An Oregon initiative which would legalize recreational marijuana use is on the cusp of being placed on the November ballot. The initiative would come at a time when the majority of state residents support pot legalization.
Supporters have submitted more than 83,500 signatures to the Secretary of State’s Office, AP reported Thursday. In order to qualify for the November ballot, New Approach Oregon, the group behind the initiative, need to gather 87,213 valid signatures by July 3.
The initiative, IP 53, seeks to legalize the possession of marijuana for adults 21 and older and to allow for licensed and regulated cultivation and sales which would be taxed.
The measure would legalize the personal possession of up to eight ounces and allow for the cultivation of four plants. The Oregon Liquor Control Commission would oversee and regulate the marijuana industry, with a marijuana tax set at $35 an ounce.

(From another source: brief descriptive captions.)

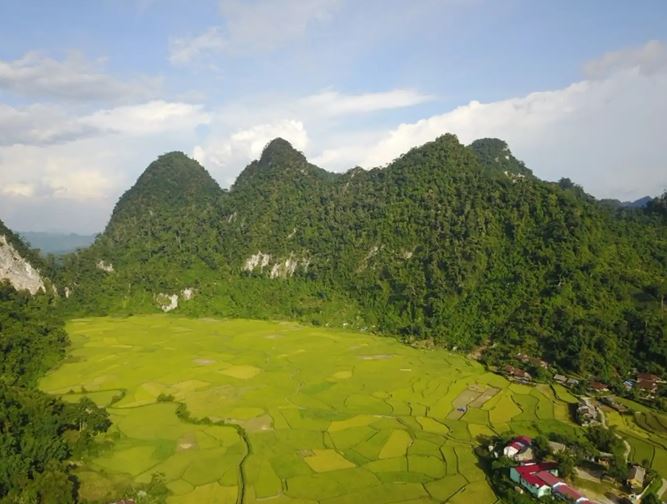 Nghiên cứu đa dạng sinh học tại Khu bảo tồn thiên nhiên Kim Hỷ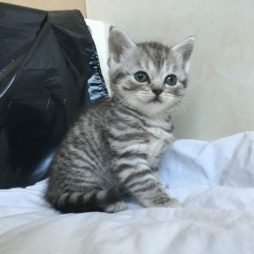 Котята шотландской вислоухой породы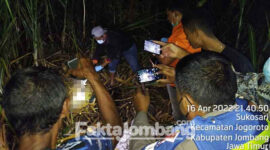 Petugas melakukan identifikasi pada olah TKP di titik temuan mayat pria di lahan tebu Desa Sukosari, Kecamatan Jogoroto, Kabupaten Jombang, Sabtu (16/4/2022) malam.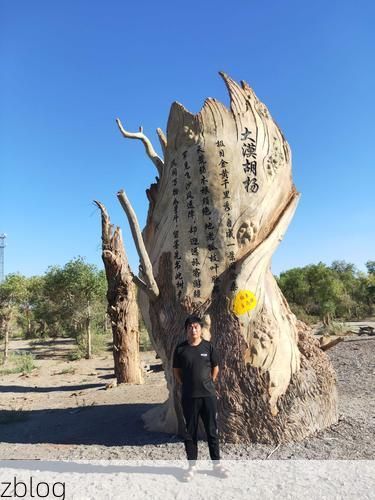 美溪区：林都屏障下的零感染记录如何铸就？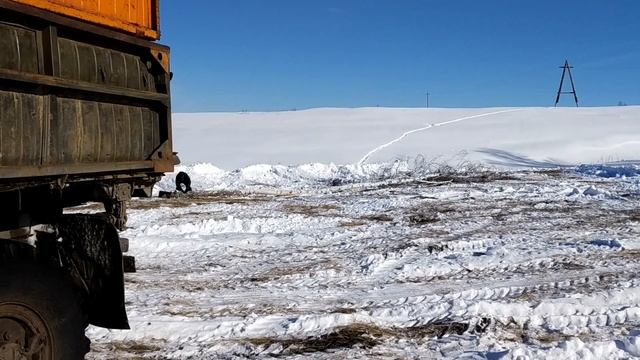 Т-40  и Урал  в работе.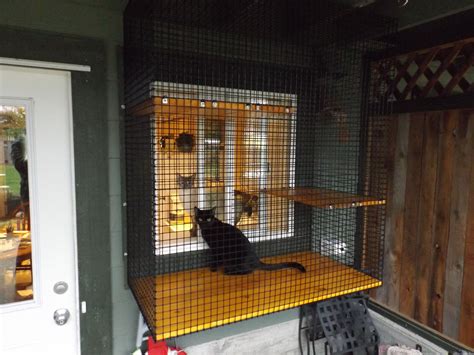 Window enclosure, by Beautiful World Living Environments, catscape.ca Outdoor Pet Enclosure, Cat ...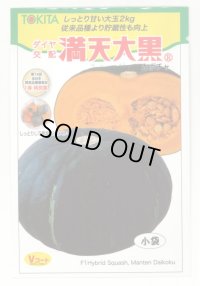 [かぼちゃ]　ミニカボチャ　満天大黒　7粒　　トキタ種苗（株）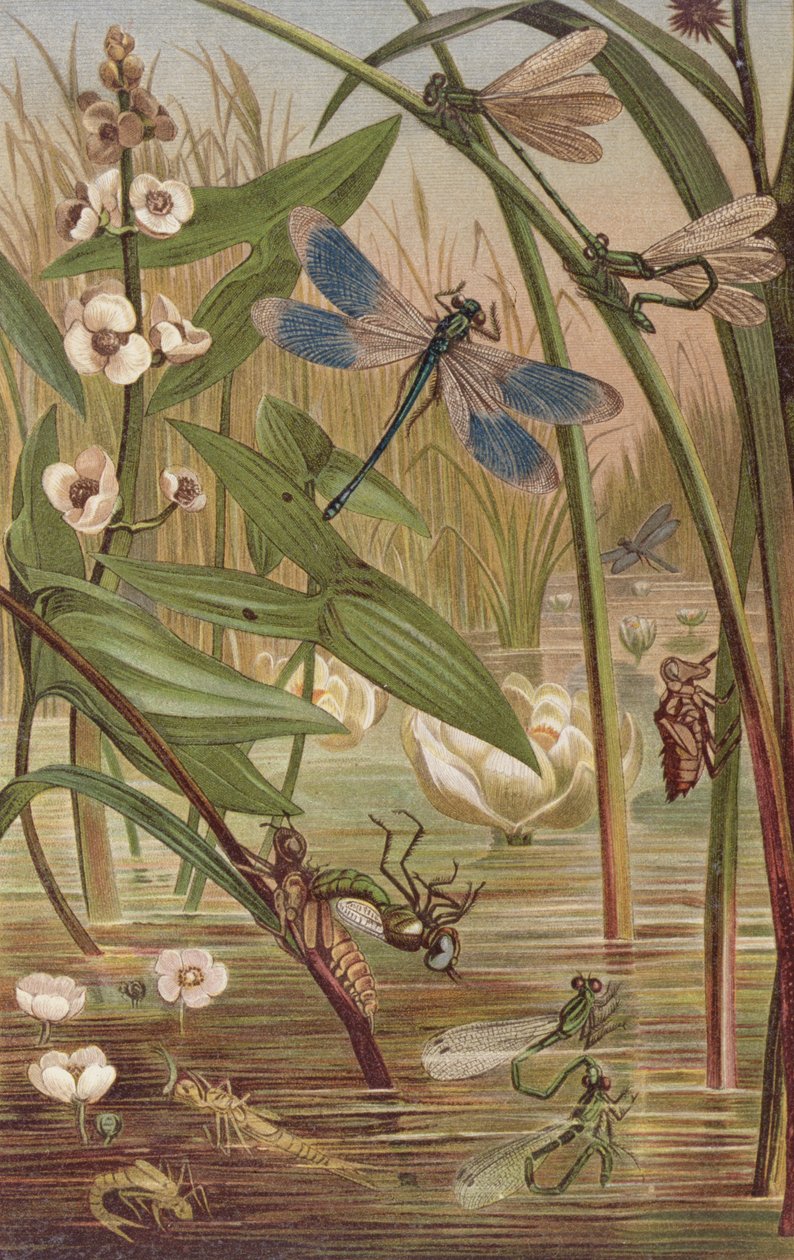 Damselfly Hatching, lemez Brehm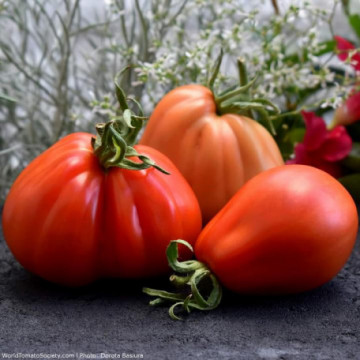 Rosii Inima de Albenga (70 seminte) de tomate crete semitimpurii, Agrara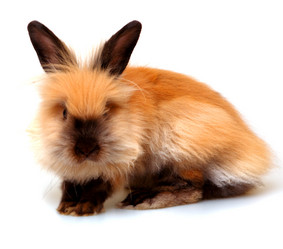 Similar image 313721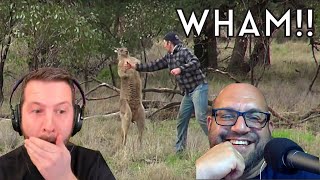 Americans React to Aussie Guy Squaring Up a Kangaroo [upl. by Oetam84]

The group says 40 percent of the tax revenue generated by the legalization scheme will go to school funding, 35 percent to state and local police, and 25 percent to drug treatment, prevention and mental health programs.
— New Approach Oregon (@NewApproach2014) June 12, 2014
New Approach has spent more than $620,000 on its campaign so far this year, according to campaign finance reports.
Other financial heavy hitters who were behind the successful 2012 legal initiatives in Colorado and Washington are once again turning out to bankroll the Oregon effort.
Other contributors include New York fragrance company heir Henry van Ameringen, family planning philanthropist Phil Harvey and Cari Tuna, the wife of one of Facebook's co-founders, the Oregonian reports.
David Bronner, the CEO of a California soap company who supports GMO labeling, is also backing the Oregon initiative.
According to the paper, Liz Kaufman, who is managing the Oregon initiative campaign, said her group has also received another $150,000 from New York-based Drug Policy Action, which had earlier given $200,000.
Drug Policy Action, incidentally, has received major support from billionaire George Soros, who offered his financial support to the Washington legalization campaign.
Lewis, who died last year, gave more than $2 million to that campaign.
Meanwhile, with up to three separate initiatives potentially appearing on the November ballot, a SurveyUSA poll released Tuesday shows that a majority of Oregonians support legalization efforts.
Approximately 51 percent of those polled said they support the possession and growth of marijuana for personal use, while 41 percent are opposed.
There is no regional difference on this question, but there is a significant age difference: younger voters back the decriminalization of marijuana by 48 points, while seniors opposed marijuana legalization by 24 points. Attitudes also cut down party lines, with Democrats supporting and Republicans opposed.